Einem: the State of der Staat
Grand Coalition: “Not a Love Relationship, but Just the Way Things have to be Done.”
Nov 01, 2006

Caspar Einem gave insight into campaign politics, education, the labor pains of the birth of a new government, and trust in the EU – plus his predictions of how and when Austria will have a new government (Photo: Photo: Lukas Mussi)
Casper Einem is a leading politician of the Austrian Social Democratic Party (SPÖ), deputy speaker of the SPÖ in the National Assembly, the lower house of the Austrian Parliament and the party’s spokesman for Europe. In an interview with Vienna Review correspondent M.T.M Childs, he shed light on campaign politics, education, the labor pains in the birth of an administration, and declining Austrian trust in the EU – plus his predictions of how and when Austria will have a new government. Einem began his career as a parole officer in 1972 and by 1997 he was the SPÖ councilman for the 9th District.
Vienna Review: People from the Socialist Youth and Linkswende were standing in front of parliament today to protest the Eurofighter and to press the SPÖ to keep their promises from before the elections and not succumb to pressure during the coalition negotiations. Do you think it’s possible to keep these promises?

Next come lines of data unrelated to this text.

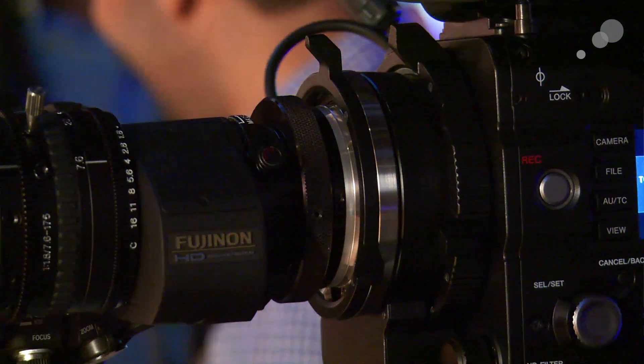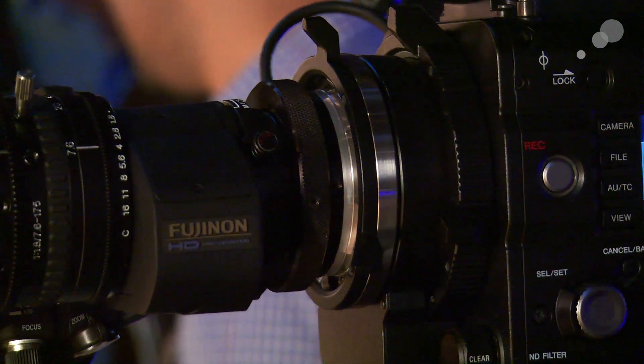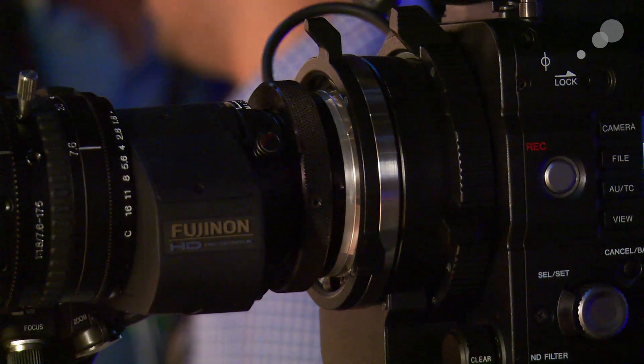Hi everybody, Ian here at NAB 2014 and we're in the Sony booth. We stopped by to check out this F5 because it has a new Sony accessory. It makes this really attractive for all of you out there that want the ease and the accessibility of an ENG style lens. This is Sony's adapter that allows you to use a B4 two-thirds inch lens on the F5 or the F55.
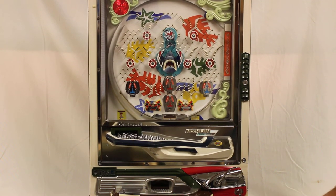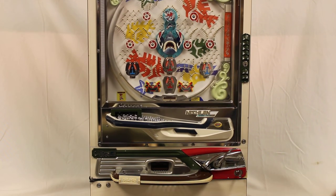So anyways, that's the run through on the Jaws machine. Thank you.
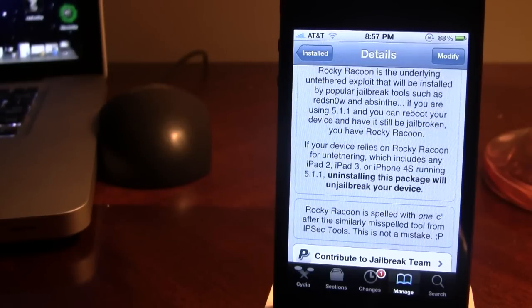Uninstalling this package will un-jailbreak your device, so you do not actually want to uninstall it. If you do, you might have to restore to 5.1.1 or just run Absinthe over your non-jailbroken device.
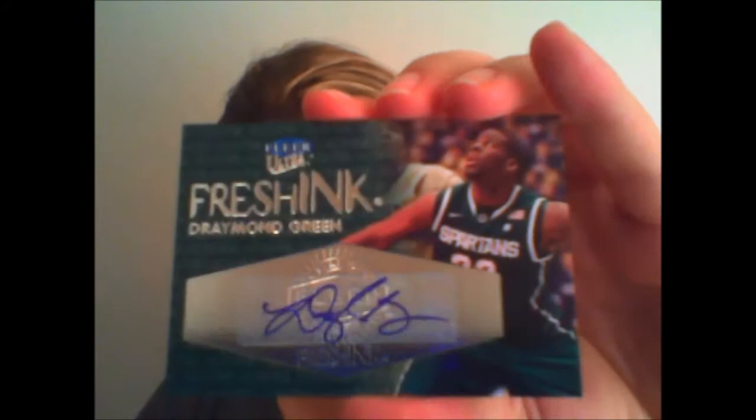Harold Miner and Tim Hardaway. Tim Hardaway's son is getting drafted tonight, speaking of Hardaways. And Penny Hardaway Ultra. Bill Walton and Jamal Mashburn. Spud Webb — fan favorite. We have a Rookie Sensation, John Starks. Autograph — I didn't even see who it was yet. Fresh Ink Autograph: Draymond Green. Ultra.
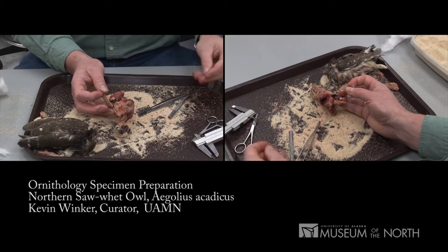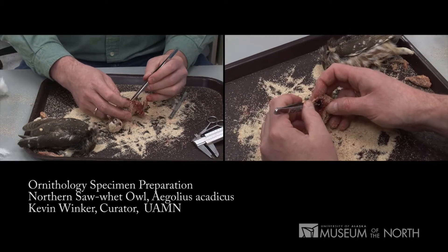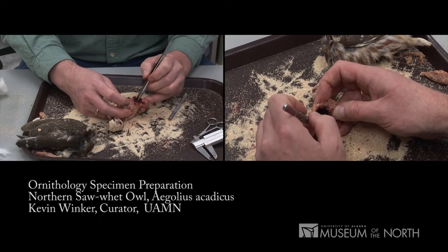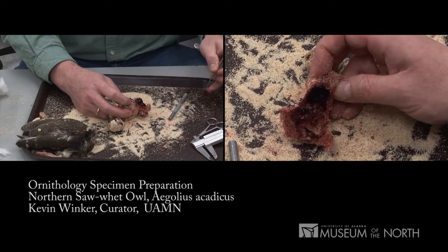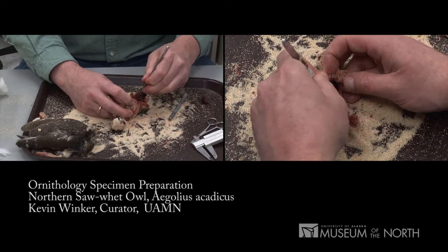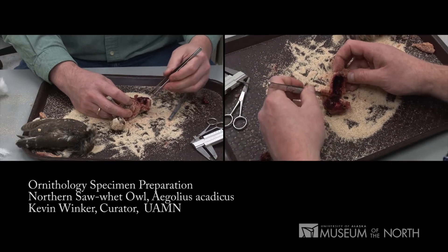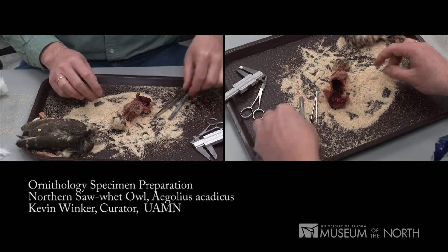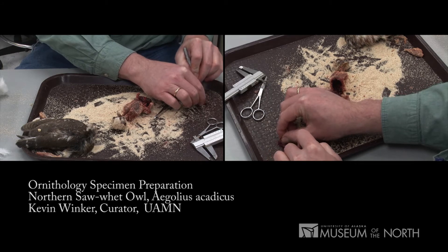I will take tissues so that we have high quality genetic samples from this bird. When we take tissues, we usually take several different types: heart, liver, and muscle are three common types. For smaller birds we'll take more. We put them into small cryogenic vials and store them at very low temperatures, usually about minus 80 degrees, minus 70 degrees, or even in liquid nitrogen.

Caspar Einem: What we promised is that we have a clear programme and will fight to realise it. We were of course very happy with the outcome of the elections, because we were first. But it has also raises the large problem that there is only one possible partner, of almost equal strength and they want the opposite of most of the things that we want.
Under these circumstances, it will be especially difficult to realise our programme. Basically we go into the coalition negotiations with our program, and insist that the ÖVP make counter-proposals. It’s not enough to just say, "No, we have to continue the way it’s been until now." Since 2002, their governing majority has been 52%; now it is 38 percent. That’s not a call to continue, but a mandate to think anew.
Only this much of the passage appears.